APOBEC3G Targets Specific Virus Species

Masayuki Kobayashi, Akifumi Takaori-Kondo,* Keisuke Shindo, Aierken Abudu, Keiko Fukunaga, and Takashi Uchiyama

Department of Hematology and Oncology, Graduate School of Medicine, Kyoto University, Kyoto, Japan

Received 15 October 2003/ Accepted 31 March 2004

Human APOBEC3G (huAPOBEC3G), also known as CEM15, is a broad antiretroviral host factor that deaminates dC to dU in the minus strand DNA of human immunodeficiency virus type 1 (HIV-1), other lentiviruses, and murine leukemia virus (MLV), thereby creating G-to-A hypermutation in the plus strand DNA to inhibit the infectivity of these viruses. In this study, we examined the antiretroviral function of a murine homologue of APOBEC3G (muAPOBEC3G) on several retrovirus systems with different producer cells. MuAPOBEC3G did not suppress the infectivity of murine retroviral vectors produced from human or murine cells, whereas it showed antiviral activity on both wild-type and {Delta}vif virions of HIV-1 in human cells. In contrast, huAPOBEC3G showed broad antiviral activity on HIV-1 and murine retroviral vectors produced from human cells as well as murine cells. These data suggested that muAPOBEC3G does not possess antiretroviral activity on murine retroviruses and has a different target specificity from that of huAPOBEC3G and that huAPOBEC3G works as a broad antiviral factor not only in human cells but also in murine cells. A functional interaction study between human and murine APOBEC3G supported the former hypothesis. Furthermore, studies on the expression of APOBEC3G in producer cells and its incorporation into virions revealed that muAPOBEC3G is incorporated into HIV-1 virions but not into MLV virions. Thus, muAPOBEC3G cannot suppress the infectivity of murine retrovirus because it is not incorporated into virions. We suggest that murine retroviruses can replicate in murine target cells expressing muAPOBEC3G because they are not targets for this enzyme.

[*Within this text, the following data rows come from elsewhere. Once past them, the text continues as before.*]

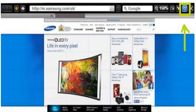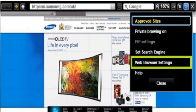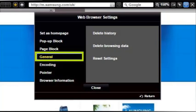After that, select the settings icon. Then select web browser settings. Select general.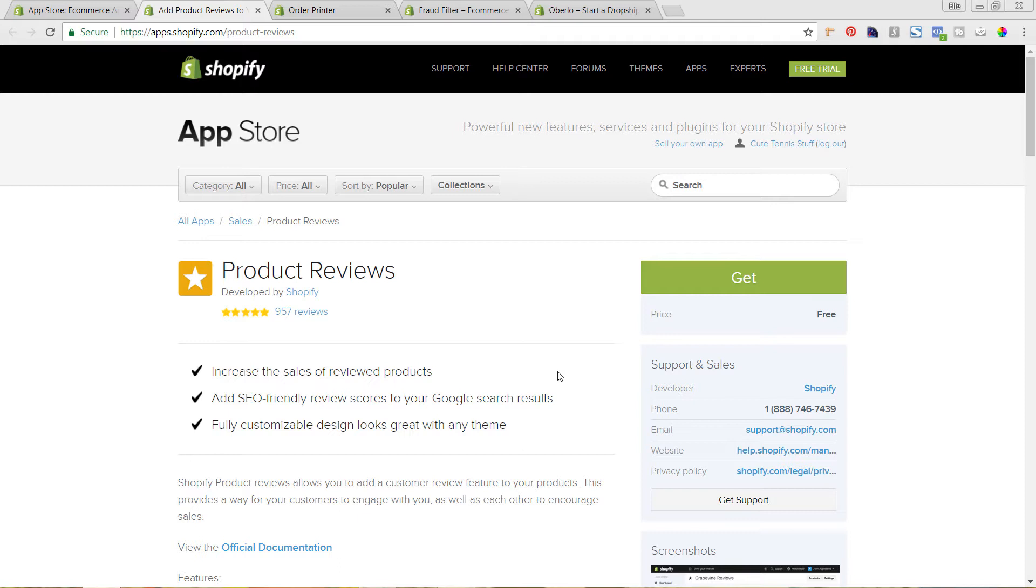However, there are advantages of using another service like Yotpo. Once you start building out more reviews, that'll let you automatically email your customers after a purchase and get the reviews. So it's a lot more automated of a process where with this app, you are still relying on them going back to your store and leaving that review.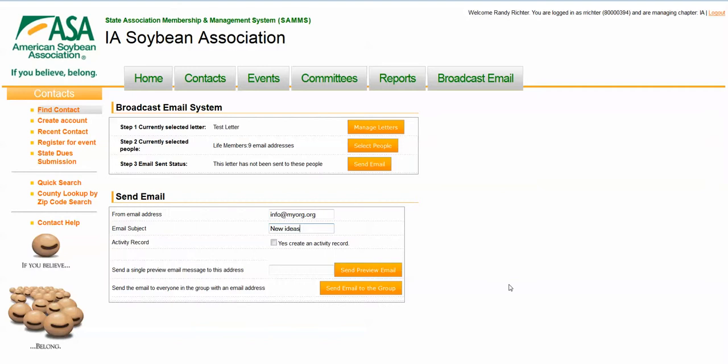That's really the solution that we have here for you today to show you. Again, pretty simple process. It lets the chapters only send and see records that they are authorized to see. And as I said, sends out the email and can also create activity records if you want.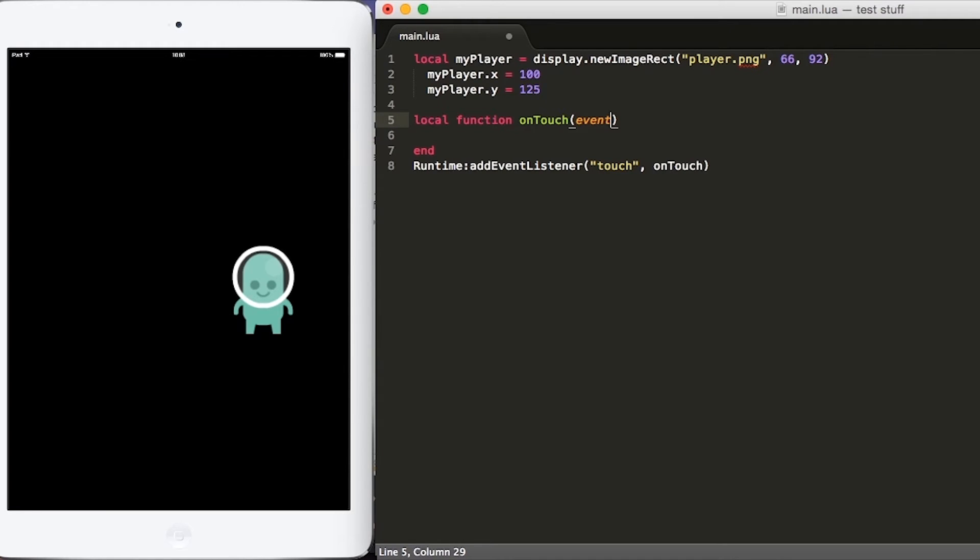When the player moves their finger while on the screen, that's the moved phase. If the player removes their finger from the screen, that is known as the ended phase or canceled phase.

* Corresponding author. Mailing address: 54 Shogoin-Kawaracho, Sakyo-ku, Kyoto 606-8507, Japan. Phone: 81-75-751-3152. Fax: 81-75-751-4963. E-mail: atakaori{at}kuhp.kyoto-u.ac.jp.


Journal of Virology, August 2004, p. 8238-8244, Vol. 78, No. 15
0022-538X/04/$08.00+0     DOI: 10.1128/JVI.78.15.8238-8244.2004
Copyright © 2004, American Society for Microbiology. All Rights Reserved.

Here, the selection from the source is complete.